Sampai di rumah, Siti
tak mendapati siapapun. Ibunya jadi buruh mencangkul lumpur di sawah
milik orang lain. Tak setiap hari ia mendapat upah uang tunai. Terkadang
ia hanya dijanjikan jika kelak panenan berhasil ia akan mendapatkan
bagi hasilnya. Setiap hari kaki Ibunda Siti berlumur lumpur sampai
setinggi paha. Ia hanya bisa berharap kelak panenan benar-benar berhasil
agar bisa mendapat bayaran.
Hari itu Siti ingin bisa makan kangkung. Ia pergi ke rumah tetangganya, mengetuk pintu dan meminta ijin agar boleh mengambil kangkung. Meski sebenarnya Siti bisa saja langsung memetiknya, tapi ia selalu ingat pesan Ibunya untuk selalu minta ijin dulu pada pemiliknya. Setelah diijinkan, Siti langsung berkubang di empang untuk memetik kangkung, sebatas kebutuhannya bersama Ibunya. Petang hari Ibunya pulang. Siti menyerahkan 2000 perak yang didapatnya. Ia bangga bisa membantu Ibunya. Lalu Ibunya memasak kangkung hanya dengan garam. Berdua mereka makan di atas piring seng tua, sepiring nasi tak penuh sepiring, dimakan berdua hanya dengan kangkung dan garam. Bahkan ikan asin pun tak terbeli, kata Ibunda Siti.
Kepikiran
dengan konsidi Siti, dini hari terbangun dari tidur saya buka internet
dan search situs Trans7 khususnya acara Orang-Orang Pinggiran. Akhirnya
saya dapatkan alamat Siti di Kampung Cipendeuy, Desa Cibereum,
Cilangkahan, Banten dan nomor contact person Pak Tono 0858 1378 8136.
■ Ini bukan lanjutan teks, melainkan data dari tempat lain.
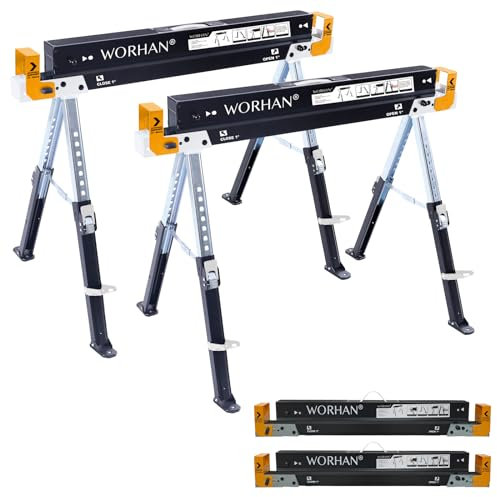 WORHAN Arbeitsbock Gerüstbock Sägebock Böcke Klappbock Doppelpack (2 Stück) Schnell Verstellbare Antirutsch-Füße Stahl 1180kg verstellbar S600A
Usai sholat Subuh saya hubungi Pak Tono, meski agak sulit bisa tersambung. Beliau tinggal sekitar 50 km jauhnya dari kampung Siti. Pak Tono-lah yang menghubungi Trans7 agar mengangkat kisah hidup Siti di acara OOP. Menurut keterangan Pak Tono, keluarga itu memang sangat miskin, Ibunda Siti tak punya KTP. Pantas saja dia tak terjangkau bantuan resmi Pemerintah yang selalu mengedepankan persyaratan legalitas formal ketimbang fakta kemiskinan itu sendiri. Pak Tono bersedia menjemput saya di Malimping, lalu bersama-sama menuju rumah Siti, jika kita mau memberikan bantuan. Pak Tono berpesan jangan bawa mobil sedan sebab tak bakal bisa masuk dengan medan jalan yang berat.
Saya pun lalu menghubungi Rumah Zakat kota Cilegon.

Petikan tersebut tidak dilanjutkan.